Los músculos no tienen palabra de honor. Tampoco muchas otras cosas como las máquinas, las relaciones, a últimas fechas las encuestas electorales, pero es tema viejo en el futbol eso de que pagar mucho por un refuerzo está lejos de garantizar la salvaguarda de sus piernas.
Pensemos, por ejemplo, en Gianluigi Lentini, aquel prometedor extremo por el que en 1992 el Milán rompió el récord del traspaso más caro de la historia. Meses después, el problema no eran sus habilísimas extremidades, sino algo peor: un severo accidente automovilístico tras el que ya no saldría del amargo listado de lo que pudo ser.
Por supuesto, está el caso Ronaldo, de tan notable rendimiento cuando llegó al Inter en 1997, aunque súbitamente sometido a los más siniestros caprichos de una rodilla que decidió no correr a su velocidad, ni sostener su potencia, ni integrarse a la danza de su desequilibrio.
Lo mismo podemos remitirnos a Kaká, eterna víctima de pubalgia y rodilla, o de Gareth Bale, versión actual de lo que antaño se conocía como futbolista de cristal, crack para verse y no tocarse, monolito que a cada viento teme lo peor.
Por todo lo anterior, una versión muy repetida señala a la superstición como razón por la que Zinedine Zidane eligió el atípico número 5 al ser comprado por el Real Madrid (transferencia récord como antes Lentini y Ronaldo, como después Kaká y Bale). Muy sabido el valor que se da en la cultura árabe y mediterránea al 5, así se habría protegido del mal de ojo ese descendiente de inmigrantes argelinos.
Eso nos lleva a Ousmane Dembélé, joven pero muy millonaria contratación del Barcelona para la presente temporada. Recién llegado, todavía muy lejos de sentirse o lucir integrado, ha padecido una lesión grave a los pocos minutos de su primer cotejo como titular en la liga. Así, los blaugranas que gastaron por él una cifra que podría llegar a los 145 millones de euros, no estarán en disposición de utilizarlo hasta el año entrante.

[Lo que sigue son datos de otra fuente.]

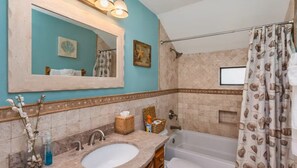 "Elegant master bath with a calming coastal theme and modern fixtures."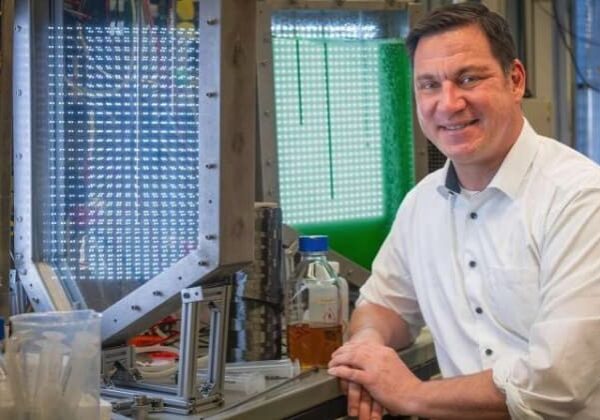 Man in a lab coat smiling next to scientific equipment.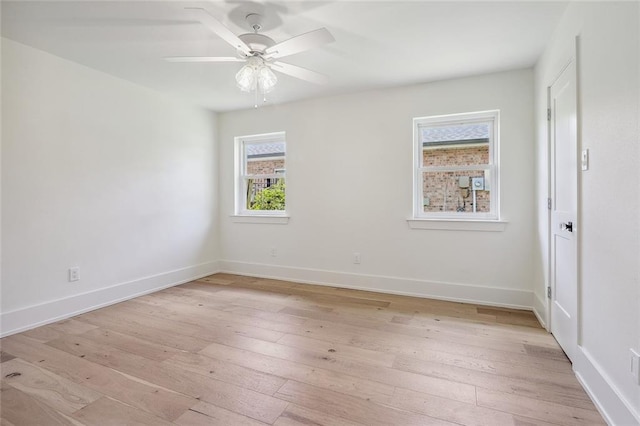 unfurnished room with ceiling fan and light hardwood / wood-style flooring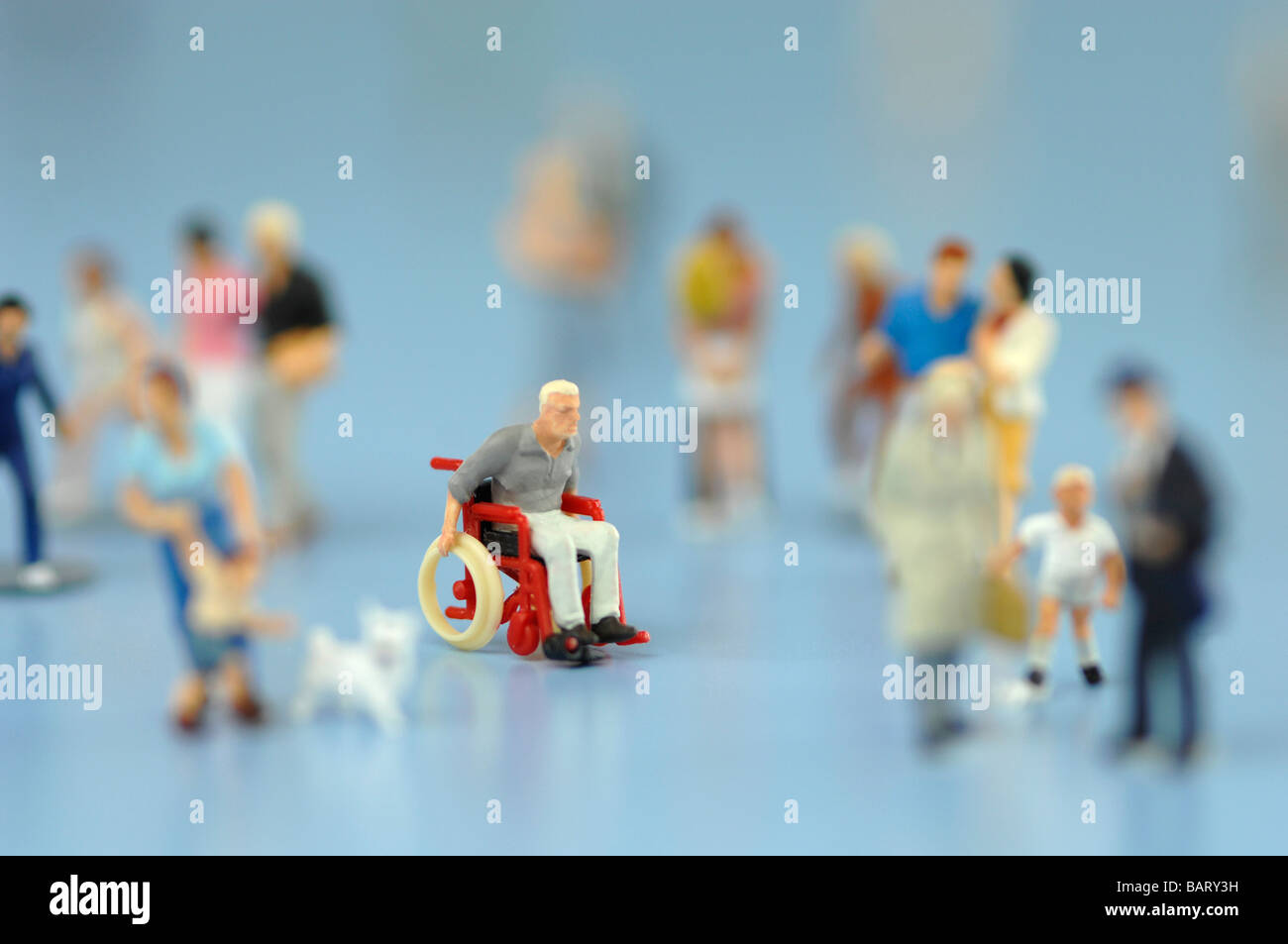 Wheelchairbound man figurine among people, close up Stock Photo Alamy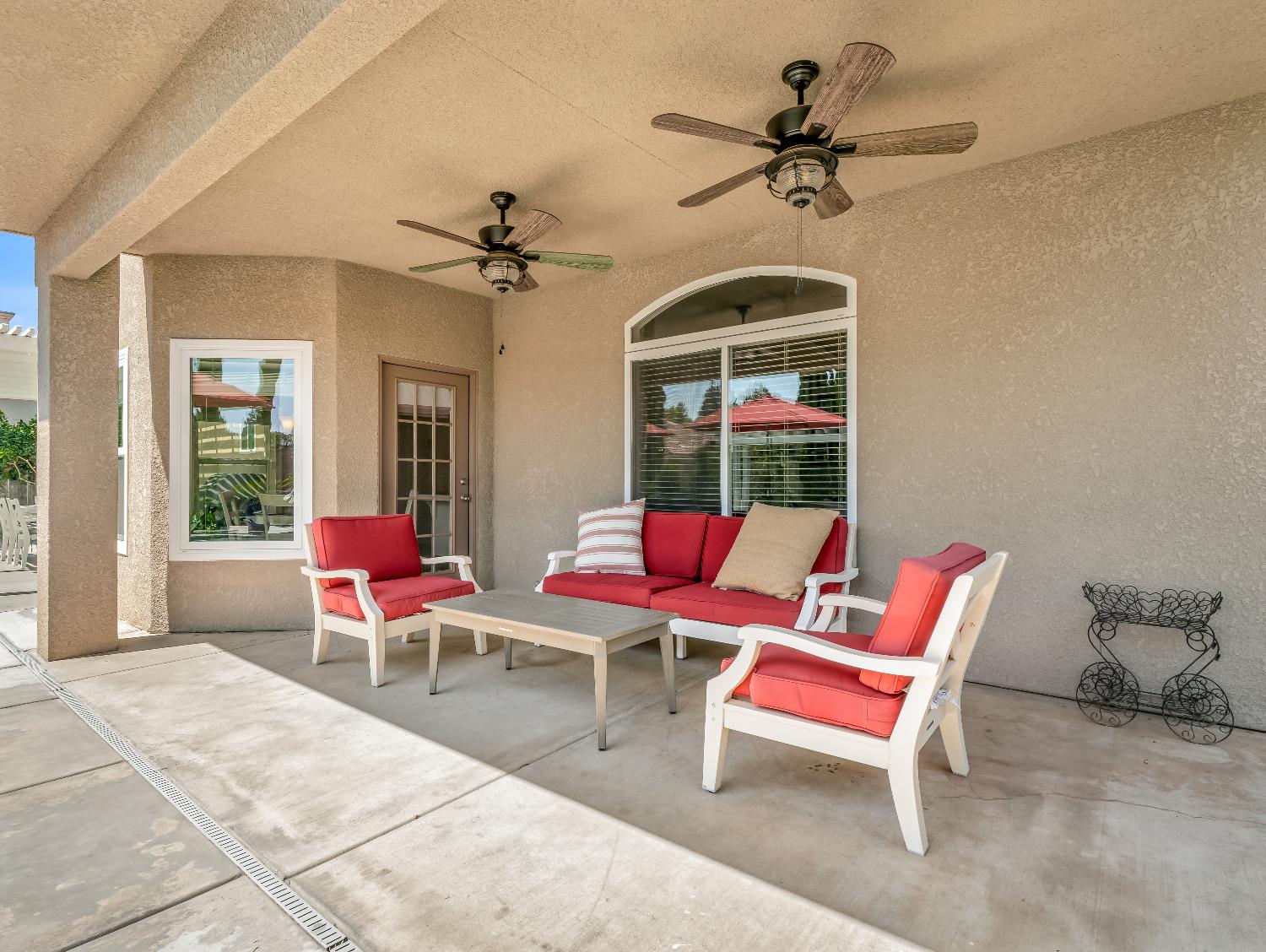 12 Breeze Way Madera, CA 93637 - Photo 44 of 48 a living room with patio chairs and a window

Si el aficionado más racional y práctico al futbol suele convertir las jornadas de partido en una sucesión de supersticiones (las calcetas de la suerte, la reunión con los amigos que no falla, el sillón desde el que se ve mal pero se contemplan más goles favorables en el monitor), los equipos suelen entrar al terreno de los talismanes incluso con mayor ahínco.

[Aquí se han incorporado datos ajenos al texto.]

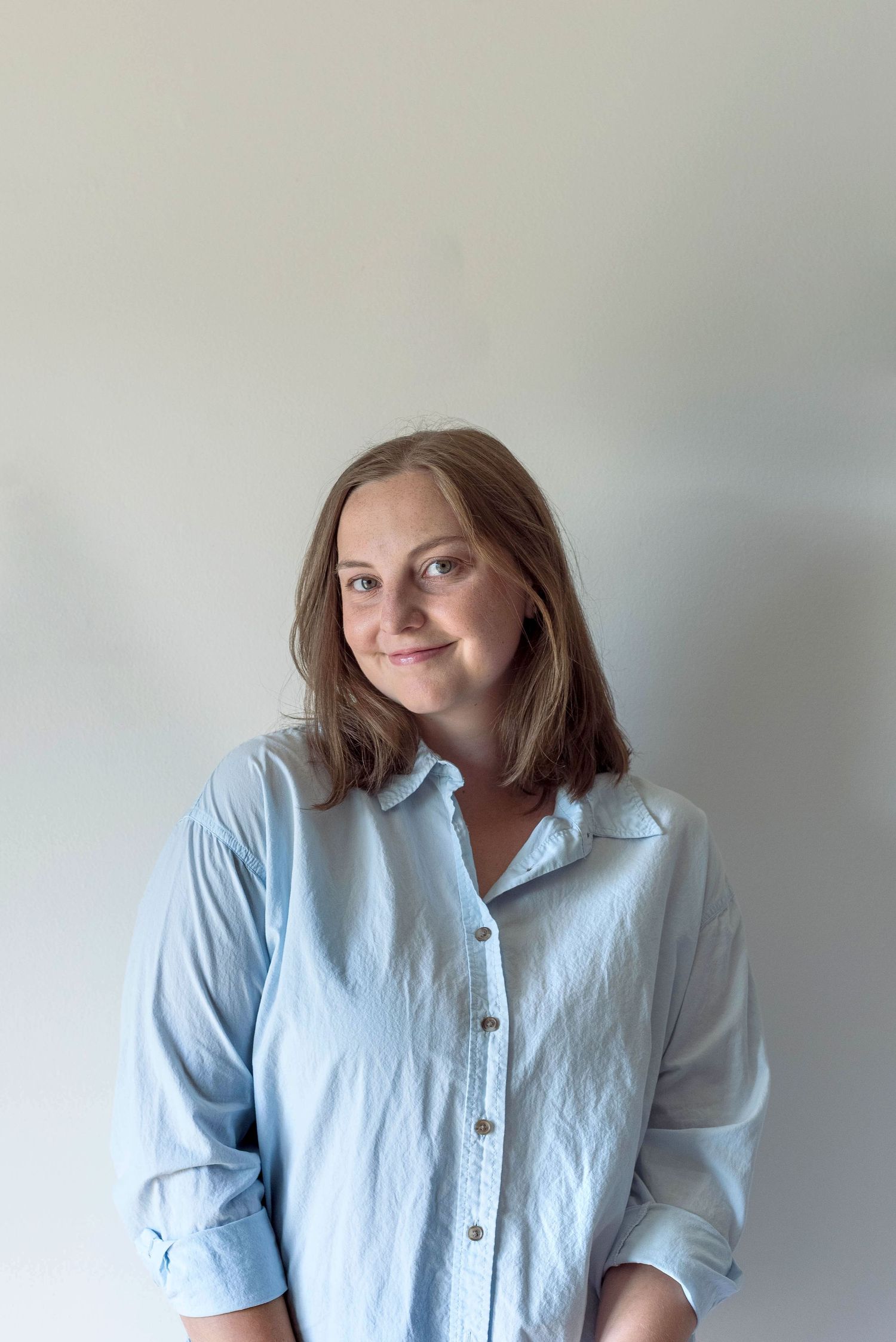 Young woman in light blue button-up shirt smiling softly against a white background.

Bien sabe el París Saint Germain que no hay garantía para las piernas de Neymar y que esa inversión de 222 millones de euros es proclive a desinflarse al menor choque en la cancha o al movimiento de apariencia más inofensiva. Desde que entregó al Barça aquel voluminoso cheque, el PSG se resignó a dos posibilidades: pedir a la corte del emir que enviara muchos cincos desde Qatar o esperar que el mismísimo Conde de Saint Germain, a quien amplias sociedades de alquimia y secretismo atribuyeran la invención del elixir de la inmortalidad, proteja a su delantero.
Dembélé, ya condenado a jugar en el Camp Nou contra su precio a la par de contra el rival, deberá añadir dos rivales a su regreso: la impaciencia de la grada y sus temores a una recaída; es decir, en 2018 alineará de nuevo, pero ahora entre los delirios de ansiedad del entorno y los delirios de fragilidad propios.